Description of the task: All lines from the one containing "Cover_Doc_Ciccio_Belgiorno_Al_di_la_ombra" down to the one containing "Orchestra screen example", both ends included, are to be given again exactly; omit the rest of the listing below.

Records for the task:
↓↓↓

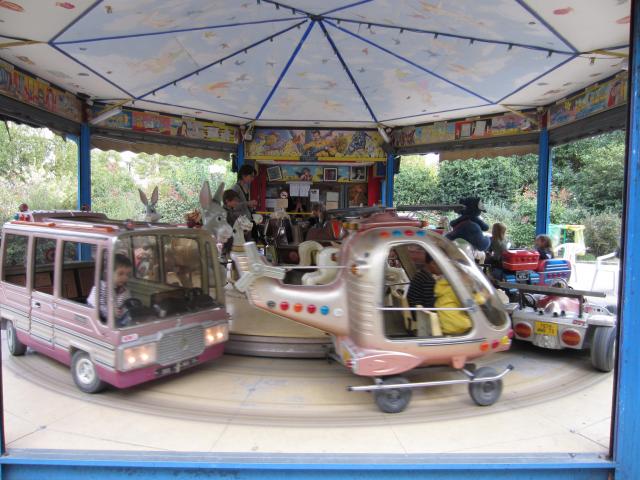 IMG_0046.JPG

↑↑↑
↓↓↓

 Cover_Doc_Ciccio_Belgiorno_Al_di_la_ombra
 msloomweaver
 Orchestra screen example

↑↑↑
↓↓↓

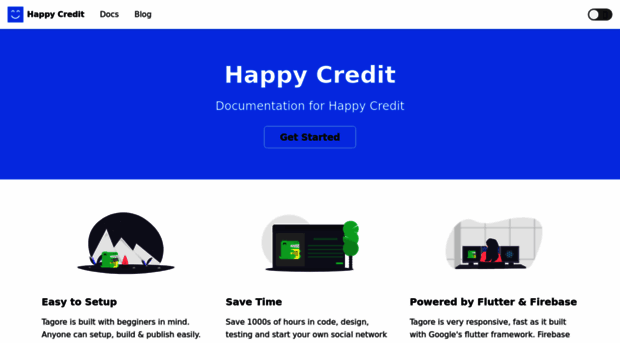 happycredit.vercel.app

↑↑↑

Output of the exercise:
 Cover_Doc_Ciccio_Belgiorno_Al_di_la_ombra
 msloomweaver
 Orchestra screen example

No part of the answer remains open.